Paper trade: Short GBPJPY @ 146.32, Target 143
GBP/JPY finally broke below an intermediate term wedge pattern formed from Dec 30. See Figure 1 for the daily chart. I am noticeably late in this GBP/JPY short entry because I was preoccupied with other positions (e.g. my EUR/CHF and GBPCHF shorts) today.
In any case, this is an intermediate term (a few days at least) play so there is no rush. My first short was executed at 146.51 on obvious signs of short term pound weakness versus the GBP/CHF pairs. GBP/JPY made some retracement on a test of 146.00 but GBP/CHF kept on dropping, so I took a short position once it touched the 146.50 resistance. My average price in this is 146.32. I have set my stop loss to lock in some profits already (which might get taken out soon).
Note that I just happened to be watching the GBP/CHF currency pair as I have a position on shorting that too. Otherwise EUR/GBP and GBP/USD would have been better for short-term intermarket analysis because of higher liquidity.
With regard to this formation, as you can see on Figure 1, today’s break of 147.50 gave way, all the way, down to 143.00. This target price is estimated from the height of the wedge pattern which it just broke through.

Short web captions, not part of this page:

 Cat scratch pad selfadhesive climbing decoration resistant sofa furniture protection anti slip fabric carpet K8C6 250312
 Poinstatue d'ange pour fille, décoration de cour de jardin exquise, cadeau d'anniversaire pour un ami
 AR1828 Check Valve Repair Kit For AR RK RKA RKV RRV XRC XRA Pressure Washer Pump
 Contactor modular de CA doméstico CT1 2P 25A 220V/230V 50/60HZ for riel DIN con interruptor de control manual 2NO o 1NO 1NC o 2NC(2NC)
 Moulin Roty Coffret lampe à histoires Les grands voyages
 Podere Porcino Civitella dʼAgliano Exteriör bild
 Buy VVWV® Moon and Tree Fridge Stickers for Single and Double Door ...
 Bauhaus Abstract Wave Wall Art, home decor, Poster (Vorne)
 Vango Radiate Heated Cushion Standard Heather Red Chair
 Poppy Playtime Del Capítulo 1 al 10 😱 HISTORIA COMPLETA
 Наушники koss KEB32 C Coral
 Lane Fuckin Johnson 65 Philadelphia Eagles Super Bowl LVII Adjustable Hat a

The distance from 147.50 to 143.00 is about the distance of the height of the wedge (Dec 29th low to 30th high).
Another reason for targeting this 143.00 price is because of my weekly chart of Figure 2. 142.50-143.00 is the next support according to a long term trendline (lowest ascending white line) as shown in Figure 2.
GBP/JPY haven’t seen these prices for a good month, so hopefully the move down shouldn’t be too difficult. As usual, I will stockpile my short position in this gradually to limit risk.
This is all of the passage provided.